*** RAW DATA ***
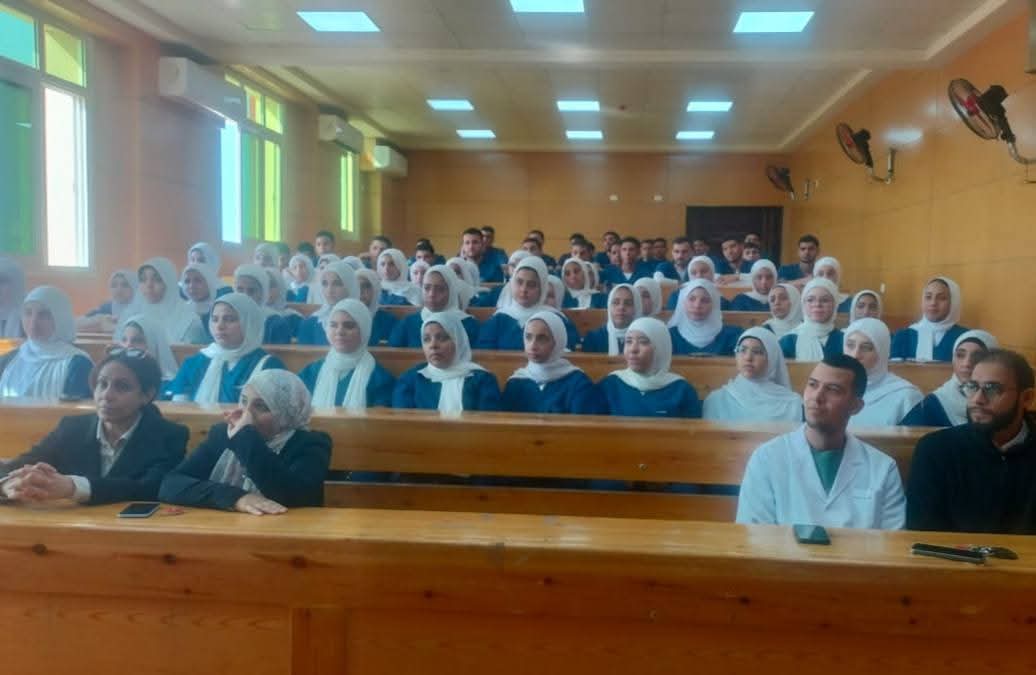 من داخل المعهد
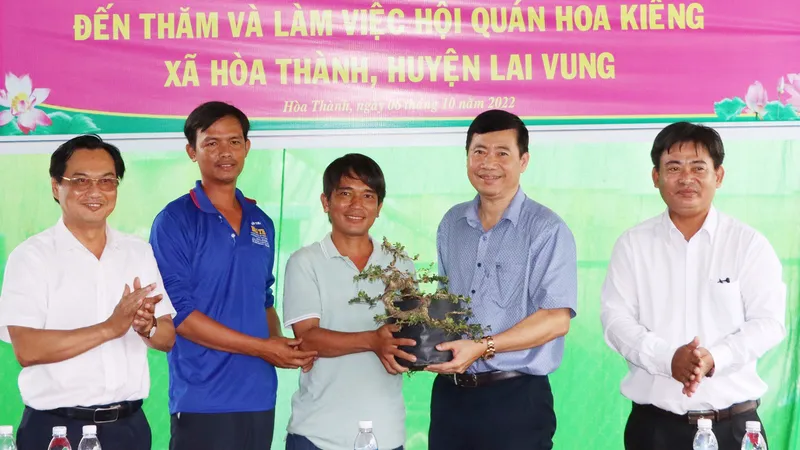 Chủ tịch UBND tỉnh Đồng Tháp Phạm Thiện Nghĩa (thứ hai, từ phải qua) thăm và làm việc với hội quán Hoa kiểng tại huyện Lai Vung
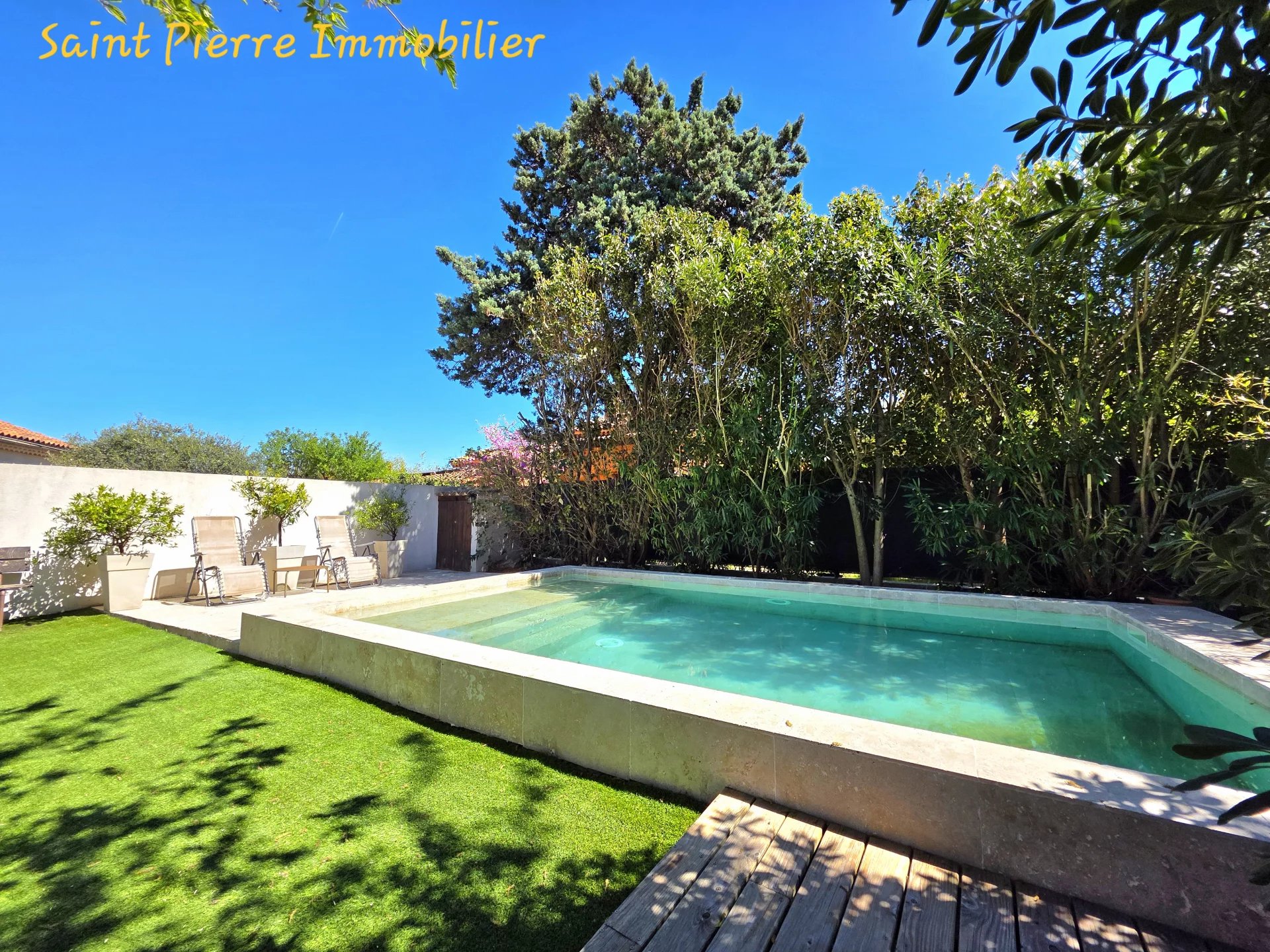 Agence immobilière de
*** End of RAW DATA ***
TASK STATEMENT: Leave the pictures out and reproduce exactly the lines from the line with "Chủ tịch UBND" to the end of the material above.

COMPLETED TASK:
 Chủ tịch UBND tỉnh Đồng Tháp Phạm Thiện Nghĩa (thứ hai, từ phải qua) thăm và làm việc với hội quán Hoa kiểng tại huyện Lai Vung
 Agence immobilière de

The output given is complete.